The students needed a sense of being a part of a whole. Acts of kindness were written on slips of paper anonymously and put in a slotted box to be read on Fridays by me. I made sure I participated. Students were asking teachers and aides if they could help them. The playground never looked better. They kept it litter free. They loved this.

I wanted my students to feel appreciated and good about themselves. They saw themselves as losers. To accomplish this, we would have to get to know each other better. Every morning after the flag salute, one student in our class was featured in the spotlight. They were given an uninterrupted opportunity to talk about their likes, dislikes, and interests in front of the class, one per day. No one was allowed to snicker or be rude. Shy children were encouraged through prompts from me. This was done every day throughout the school year.

When one boy lost his black puppy, we as a class were concerned. He had showed up at school crying, standing by the door waiting for me to arrive. I ushered him inside and the children waited. It’d been a hard year for him, his father had separated from the family, and his mom was a mess. I prayed that night that the puppy would be found. I knew he needed his puppy. The next morning he was all smiles. Yes, the puppy had been found. I sent a prayer up to God, “Thanks, God. He needed his puppy.”

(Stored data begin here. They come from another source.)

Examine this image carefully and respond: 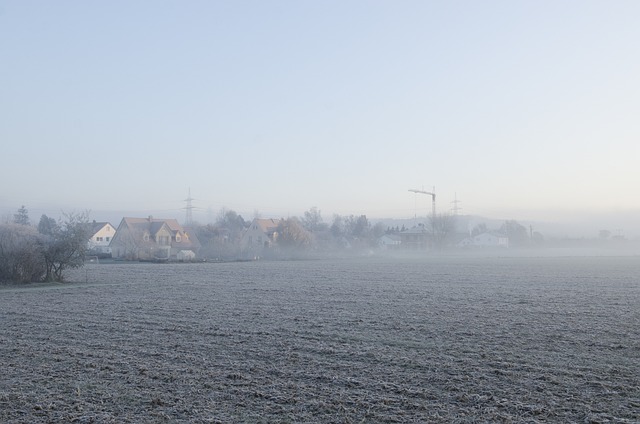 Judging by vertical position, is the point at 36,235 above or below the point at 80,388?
above

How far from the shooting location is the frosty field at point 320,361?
8.45 metres

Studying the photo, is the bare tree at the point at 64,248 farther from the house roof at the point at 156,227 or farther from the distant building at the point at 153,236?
the house roof at the point at 156,227

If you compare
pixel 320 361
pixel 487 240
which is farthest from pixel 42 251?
pixel 487 240

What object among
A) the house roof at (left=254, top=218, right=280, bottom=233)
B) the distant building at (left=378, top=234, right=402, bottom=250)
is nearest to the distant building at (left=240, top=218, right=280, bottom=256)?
the house roof at (left=254, top=218, right=280, bottom=233)

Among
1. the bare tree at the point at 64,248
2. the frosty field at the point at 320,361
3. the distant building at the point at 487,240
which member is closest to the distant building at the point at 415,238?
the distant building at the point at 487,240

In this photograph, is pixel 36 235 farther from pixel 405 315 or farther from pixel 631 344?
pixel 631 344

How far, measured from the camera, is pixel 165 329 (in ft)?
53.1

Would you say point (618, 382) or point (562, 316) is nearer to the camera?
point (618, 382)

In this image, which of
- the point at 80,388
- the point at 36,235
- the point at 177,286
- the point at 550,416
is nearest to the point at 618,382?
the point at 550,416

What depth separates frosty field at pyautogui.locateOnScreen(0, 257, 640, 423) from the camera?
845 centimetres

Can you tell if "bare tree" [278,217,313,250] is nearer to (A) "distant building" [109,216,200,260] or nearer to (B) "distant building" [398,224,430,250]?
(A) "distant building" [109,216,200,260]

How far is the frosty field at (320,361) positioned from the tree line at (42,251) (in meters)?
14.4

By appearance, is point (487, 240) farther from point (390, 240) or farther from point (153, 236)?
point (153, 236)

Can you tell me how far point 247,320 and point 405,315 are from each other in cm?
498
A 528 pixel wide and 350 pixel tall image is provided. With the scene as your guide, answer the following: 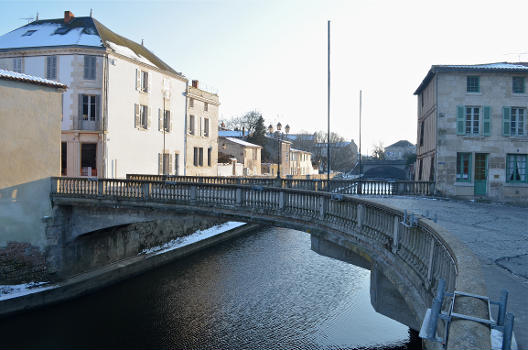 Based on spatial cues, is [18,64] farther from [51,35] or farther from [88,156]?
[88,156]

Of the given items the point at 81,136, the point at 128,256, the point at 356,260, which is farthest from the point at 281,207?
the point at 81,136

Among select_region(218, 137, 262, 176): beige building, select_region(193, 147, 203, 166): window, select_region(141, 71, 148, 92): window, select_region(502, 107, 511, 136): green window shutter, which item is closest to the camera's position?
select_region(502, 107, 511, 136): green window shutter

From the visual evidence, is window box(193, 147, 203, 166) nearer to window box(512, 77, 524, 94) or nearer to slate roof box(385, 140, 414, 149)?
window box(512, 77, 524, 94)

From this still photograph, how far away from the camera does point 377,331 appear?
15.4m

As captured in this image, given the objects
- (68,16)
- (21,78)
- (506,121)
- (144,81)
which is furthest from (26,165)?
(506,121)

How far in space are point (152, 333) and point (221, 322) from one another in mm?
2540

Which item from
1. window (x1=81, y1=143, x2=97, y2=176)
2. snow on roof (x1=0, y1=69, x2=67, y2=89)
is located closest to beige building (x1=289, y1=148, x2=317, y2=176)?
window (x1=81, y1=143, x2=97, y2=176)

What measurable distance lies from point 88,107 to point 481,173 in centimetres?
2461

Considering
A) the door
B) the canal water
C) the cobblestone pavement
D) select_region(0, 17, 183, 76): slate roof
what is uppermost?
select_region(0, 17, 183, 76): slate roof

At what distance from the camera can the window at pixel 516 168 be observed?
24.0 m

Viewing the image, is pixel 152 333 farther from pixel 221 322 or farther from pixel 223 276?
pixel 223 276

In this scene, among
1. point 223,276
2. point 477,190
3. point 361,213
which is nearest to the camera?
point 361,213

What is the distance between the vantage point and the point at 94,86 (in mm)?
27984

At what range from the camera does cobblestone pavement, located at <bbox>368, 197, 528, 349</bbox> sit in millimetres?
5308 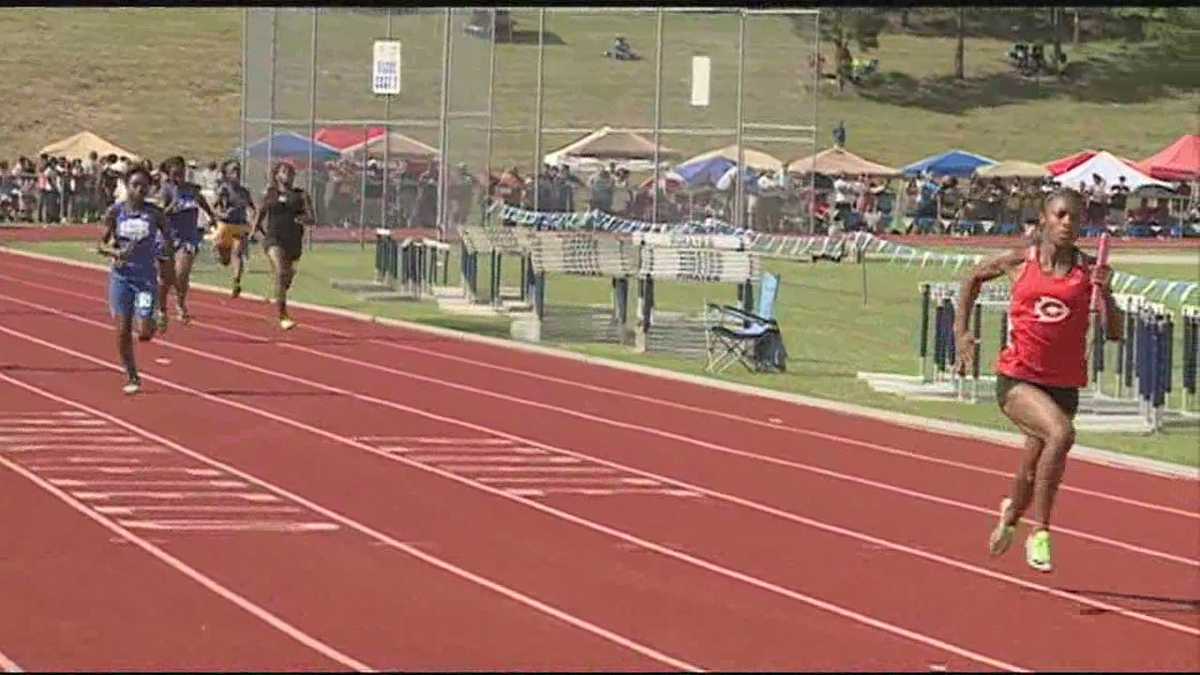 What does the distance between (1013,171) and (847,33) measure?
1824 cm

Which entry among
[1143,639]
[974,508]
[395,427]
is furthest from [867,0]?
[395,427]

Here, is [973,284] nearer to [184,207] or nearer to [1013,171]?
[184,207]

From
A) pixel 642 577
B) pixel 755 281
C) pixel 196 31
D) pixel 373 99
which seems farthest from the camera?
pixel 196 31

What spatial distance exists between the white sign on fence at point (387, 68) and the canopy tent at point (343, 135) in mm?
3747

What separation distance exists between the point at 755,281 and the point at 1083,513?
13.6 m

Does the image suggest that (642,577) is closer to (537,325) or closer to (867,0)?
(867,0)

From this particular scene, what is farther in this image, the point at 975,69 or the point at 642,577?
the point at 975,69

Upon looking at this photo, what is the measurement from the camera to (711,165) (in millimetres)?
42812

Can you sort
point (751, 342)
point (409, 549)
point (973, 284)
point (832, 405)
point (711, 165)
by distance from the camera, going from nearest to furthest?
point (973, 284) → point (409, 549) → point (832, 405) → point (751, 342) → point (711, 165)

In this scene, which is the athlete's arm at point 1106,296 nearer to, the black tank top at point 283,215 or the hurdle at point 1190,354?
the hurdle at point 1190,354

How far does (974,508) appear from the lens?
15867mm

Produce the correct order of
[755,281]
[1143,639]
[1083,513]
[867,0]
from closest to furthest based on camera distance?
[867,0]
[1143,639]
[1083,513]
[755,281]

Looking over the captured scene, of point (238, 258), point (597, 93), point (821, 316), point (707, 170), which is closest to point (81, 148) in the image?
point (597, 93)

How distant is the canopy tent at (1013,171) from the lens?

On Valentine’s Day we stepped it up. I wanted the class to appreciate the adults who served them. We should always thank people who help us. Our class made thank you cards for every support person who worked on campus: Crossing guard, the cook and cafeteria workers, yard duty personnel, instructional aides, office personnel, maintenance personnel, bus drivers, computer technician.

I taught the children proper etiquette; then they practiced together, student with student. The children learned how to introduce themselves to their card’s recipient, how to look them in the eye, shake their hand or give them a hug, after they read the card out loud and hand delivered it to its recipient. I sent them out two-by-two to deliver the cards.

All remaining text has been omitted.